I'm a big fan of Chopin . A few days ago, I was trying to find a classical song to play for a friend (they aren't a classical music lover...yet). I started thinking of modern songs my friend liked and what might be similar. I came across the movie "The Nightmare Before Christmas" and other movies with music by Hans Zimmer. I happen to be in a "Nocturne Phase" at the moment, and I couldn't help noticing how the mood in some of Chopin's Nocturnes is similar to certain songs in that movie or maybe "The Corpse Bride".

I found these two incredibly similar.





Listen from 12 seconds in (the 8th measure) and the theme for the majority of the piece.

_compared to_





Listen from 1:11-1:40 (tried to get it to automatically start there, my apologies if it doesn't) and/or the second chorus at the end.

-
-

I was wondering if anyone else is boggled by how similar the two themes are or if you have discovered a song from a movie that closely reminds you of a classical piece.


----------



## sdtom

This policy is sure discouraging to newcomers. I have to log in for each response.

I'm surprised but can definitely hear it. The music is in public domain so he could do that but I'm a bit surprised given the fact that he is self taught.

Another one for you is the striking resemblance between On The Waterfront and Chinatown. That is what I call a lift and is really thievery.


----------



## Kakini

*wow what a wonderful nod to Chopin*

I just noticed!!!!! It was notable enough that I googled the two in case there was anything written about the similarity.

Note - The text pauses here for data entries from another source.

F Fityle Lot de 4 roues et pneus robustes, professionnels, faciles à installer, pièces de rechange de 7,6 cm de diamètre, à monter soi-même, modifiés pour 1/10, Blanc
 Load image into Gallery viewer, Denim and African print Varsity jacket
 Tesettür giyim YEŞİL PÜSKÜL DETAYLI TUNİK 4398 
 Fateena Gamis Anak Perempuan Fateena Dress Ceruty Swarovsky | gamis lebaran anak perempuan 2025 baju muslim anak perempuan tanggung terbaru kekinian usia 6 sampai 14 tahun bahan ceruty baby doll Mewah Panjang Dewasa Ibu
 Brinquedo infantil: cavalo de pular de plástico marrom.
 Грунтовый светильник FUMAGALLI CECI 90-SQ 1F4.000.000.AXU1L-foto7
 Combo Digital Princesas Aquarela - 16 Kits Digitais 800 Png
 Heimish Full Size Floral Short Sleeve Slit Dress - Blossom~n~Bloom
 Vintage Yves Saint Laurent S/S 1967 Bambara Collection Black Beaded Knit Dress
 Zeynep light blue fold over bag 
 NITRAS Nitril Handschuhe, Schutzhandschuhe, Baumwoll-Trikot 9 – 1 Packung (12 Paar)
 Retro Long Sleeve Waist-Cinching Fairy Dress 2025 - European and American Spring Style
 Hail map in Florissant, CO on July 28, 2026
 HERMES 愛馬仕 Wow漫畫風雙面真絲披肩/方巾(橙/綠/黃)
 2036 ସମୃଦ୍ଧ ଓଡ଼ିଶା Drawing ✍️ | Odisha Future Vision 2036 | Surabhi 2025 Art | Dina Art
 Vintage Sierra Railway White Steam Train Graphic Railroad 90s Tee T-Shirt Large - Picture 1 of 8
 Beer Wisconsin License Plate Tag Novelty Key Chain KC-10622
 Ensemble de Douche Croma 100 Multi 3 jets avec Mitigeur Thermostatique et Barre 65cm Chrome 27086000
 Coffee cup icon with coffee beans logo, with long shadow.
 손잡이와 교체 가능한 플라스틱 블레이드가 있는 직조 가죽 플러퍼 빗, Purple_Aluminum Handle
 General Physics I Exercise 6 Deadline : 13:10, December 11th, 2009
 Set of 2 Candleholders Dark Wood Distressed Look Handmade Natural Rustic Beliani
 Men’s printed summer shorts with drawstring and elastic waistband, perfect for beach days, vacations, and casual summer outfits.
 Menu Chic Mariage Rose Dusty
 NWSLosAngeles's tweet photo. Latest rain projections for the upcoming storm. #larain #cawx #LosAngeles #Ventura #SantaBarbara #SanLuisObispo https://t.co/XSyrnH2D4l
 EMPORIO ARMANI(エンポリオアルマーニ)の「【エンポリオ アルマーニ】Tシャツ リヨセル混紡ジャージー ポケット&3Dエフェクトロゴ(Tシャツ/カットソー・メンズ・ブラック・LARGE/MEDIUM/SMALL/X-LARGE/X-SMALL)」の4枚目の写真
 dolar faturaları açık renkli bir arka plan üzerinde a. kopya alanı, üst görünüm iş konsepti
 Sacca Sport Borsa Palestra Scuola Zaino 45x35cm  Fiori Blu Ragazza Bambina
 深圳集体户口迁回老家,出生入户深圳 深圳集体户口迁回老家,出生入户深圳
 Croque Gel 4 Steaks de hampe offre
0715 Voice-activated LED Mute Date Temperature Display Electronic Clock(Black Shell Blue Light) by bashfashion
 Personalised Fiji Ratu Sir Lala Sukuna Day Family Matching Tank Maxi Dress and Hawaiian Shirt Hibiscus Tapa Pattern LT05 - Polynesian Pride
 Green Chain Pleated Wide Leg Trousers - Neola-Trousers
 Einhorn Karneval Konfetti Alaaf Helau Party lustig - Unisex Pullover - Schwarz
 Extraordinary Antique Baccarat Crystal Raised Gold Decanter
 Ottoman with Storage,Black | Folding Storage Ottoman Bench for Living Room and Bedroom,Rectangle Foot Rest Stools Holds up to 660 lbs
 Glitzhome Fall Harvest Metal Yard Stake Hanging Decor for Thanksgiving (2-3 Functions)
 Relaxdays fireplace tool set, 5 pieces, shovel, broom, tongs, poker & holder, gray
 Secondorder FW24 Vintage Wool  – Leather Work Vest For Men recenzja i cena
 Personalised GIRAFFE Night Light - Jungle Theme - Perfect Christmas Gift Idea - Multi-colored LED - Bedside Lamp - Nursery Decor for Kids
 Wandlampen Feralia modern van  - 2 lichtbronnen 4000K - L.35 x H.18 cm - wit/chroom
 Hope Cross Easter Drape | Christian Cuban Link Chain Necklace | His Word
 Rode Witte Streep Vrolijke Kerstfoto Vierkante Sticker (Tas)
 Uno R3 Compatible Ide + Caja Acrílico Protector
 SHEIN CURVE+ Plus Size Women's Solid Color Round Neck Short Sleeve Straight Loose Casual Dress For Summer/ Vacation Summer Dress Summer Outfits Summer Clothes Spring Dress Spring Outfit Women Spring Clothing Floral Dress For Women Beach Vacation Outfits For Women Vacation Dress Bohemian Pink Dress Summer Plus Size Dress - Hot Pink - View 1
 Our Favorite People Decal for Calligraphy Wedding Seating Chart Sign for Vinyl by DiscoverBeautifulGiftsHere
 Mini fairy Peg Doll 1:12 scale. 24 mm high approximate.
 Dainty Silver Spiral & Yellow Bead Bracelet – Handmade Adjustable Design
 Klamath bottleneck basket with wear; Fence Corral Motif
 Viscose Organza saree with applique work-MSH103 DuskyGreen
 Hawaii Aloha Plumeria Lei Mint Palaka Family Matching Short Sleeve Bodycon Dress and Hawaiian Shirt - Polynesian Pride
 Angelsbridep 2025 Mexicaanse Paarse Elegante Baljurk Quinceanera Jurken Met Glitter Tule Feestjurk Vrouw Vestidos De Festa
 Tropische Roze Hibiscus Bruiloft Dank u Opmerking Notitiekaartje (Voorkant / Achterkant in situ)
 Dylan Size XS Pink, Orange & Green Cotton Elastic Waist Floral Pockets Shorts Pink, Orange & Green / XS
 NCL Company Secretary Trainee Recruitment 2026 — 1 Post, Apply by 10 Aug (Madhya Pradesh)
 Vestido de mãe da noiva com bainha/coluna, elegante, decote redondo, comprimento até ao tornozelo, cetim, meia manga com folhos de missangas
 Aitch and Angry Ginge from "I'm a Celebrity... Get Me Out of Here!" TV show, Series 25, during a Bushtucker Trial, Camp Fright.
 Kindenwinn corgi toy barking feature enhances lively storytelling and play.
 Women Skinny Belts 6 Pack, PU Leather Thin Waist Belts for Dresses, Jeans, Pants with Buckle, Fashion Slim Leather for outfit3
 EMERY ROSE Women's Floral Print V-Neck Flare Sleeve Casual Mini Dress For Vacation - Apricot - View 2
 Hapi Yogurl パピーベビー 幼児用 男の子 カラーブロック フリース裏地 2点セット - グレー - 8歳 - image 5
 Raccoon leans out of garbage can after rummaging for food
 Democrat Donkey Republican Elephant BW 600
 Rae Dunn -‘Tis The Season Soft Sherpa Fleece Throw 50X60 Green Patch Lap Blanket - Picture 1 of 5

think it's wonderful to find this nod to Chopin in Nightmare before Christmas. I find a similarity in the chorus yet enough originality that its it's own music. It's one of my favorite movies. 



bombino said:


> I'm a big fan of Chopin . A few days ago, I was trying to find a classical song to play for a friend (they aren't a classical music lover...yet). I started thinking of modern songs my friend liked and what might be similar. I came across the movie "The Nightmare Before Christmas" and other movies with music by Hans Zimmer. I happen to be in a "Nocturne Phase" at the moment, and I couldn't help noticing how the mood in some of Chopin's Nocturnes is similar to certain songs in that movie or maybe "The Corpse Bride".
> 
> I found these two incredibly similar.
> 
> 
> 
> 
> 
> Listen from 12 seconds in (the 8th measure) and the theme for the majority of the piece.
> 
> _compared to_
> 
> 
> 
> 
> 
> Listen from 1:11-1:40 (tried to get it to automatically start there, my apologies if it doesn't) and/or the second chorus at the end.
> 
> -
> -
> 
> I was wondering if anyone else is boggled by how similar the two themes are or if you have discovered a song from a movie that closely reminds you of a classical piece.


----------



## MAS

I've heard it said that Andrew Lloyd Webber sounds a lot like Puccini in some of his musicals. In the olden days, composers of "popular" music used to borrow from "Classical" music. For instance, *Stranger in Paradise*, which was based on some music by Russian composer Alexander Borodin (Polovtsian Dances from *Prince Igor*).


----------